# What is being asked
When you copy the data, keep every line exactly as written and skip the pictures.

# Data section
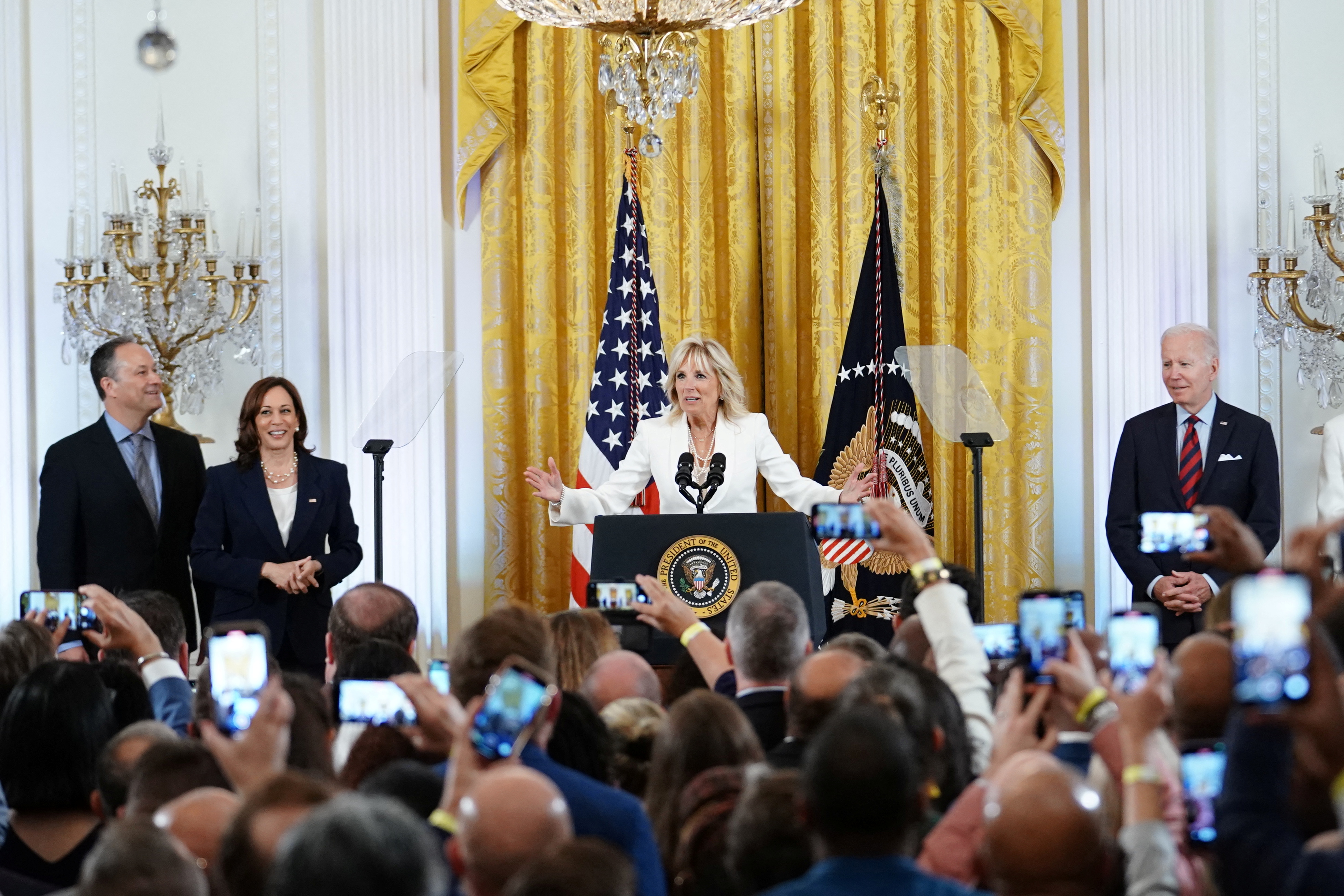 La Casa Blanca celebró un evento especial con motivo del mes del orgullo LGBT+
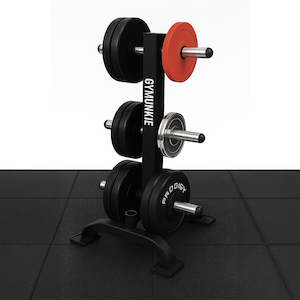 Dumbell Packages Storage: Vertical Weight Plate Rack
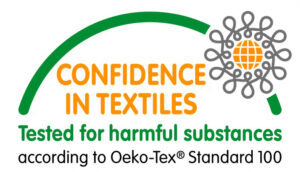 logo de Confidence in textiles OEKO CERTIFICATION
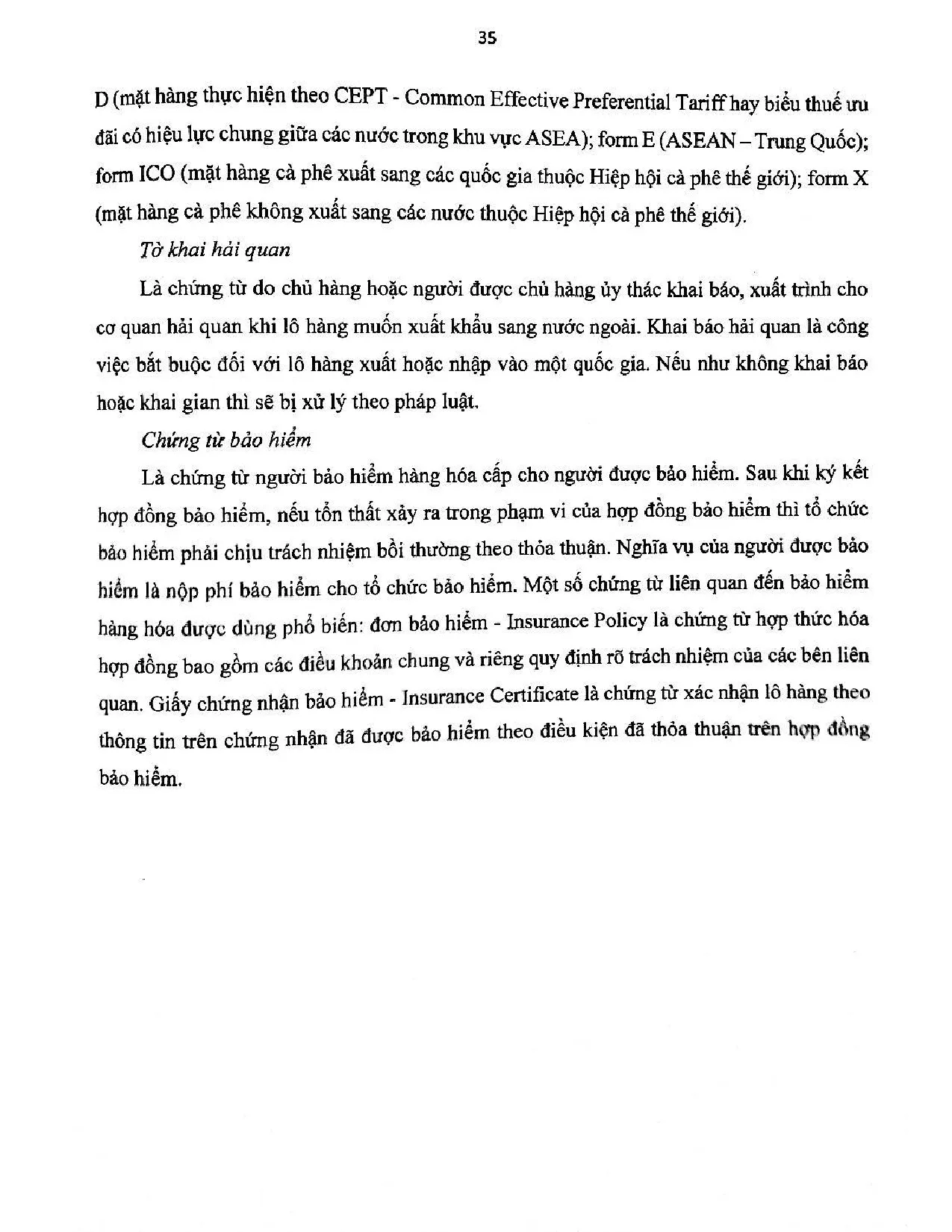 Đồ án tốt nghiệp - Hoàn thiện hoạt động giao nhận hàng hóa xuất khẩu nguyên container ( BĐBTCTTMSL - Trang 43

# Exercise response
 La Casa Blanca celebró un evento especial con motivo del mes del orgullo LGBT+
 Dumbell Packages Storage: Vertical Weight Plate Rack
 logo de Confidence in textiles OEKO CERTIFICATION
 Đồ án tốt nghiệp - Hoàn thiện hoạt động giao nhận hàng hóa xuất khẩu nguyên container ( BĐBTCTTMSL - Trang 43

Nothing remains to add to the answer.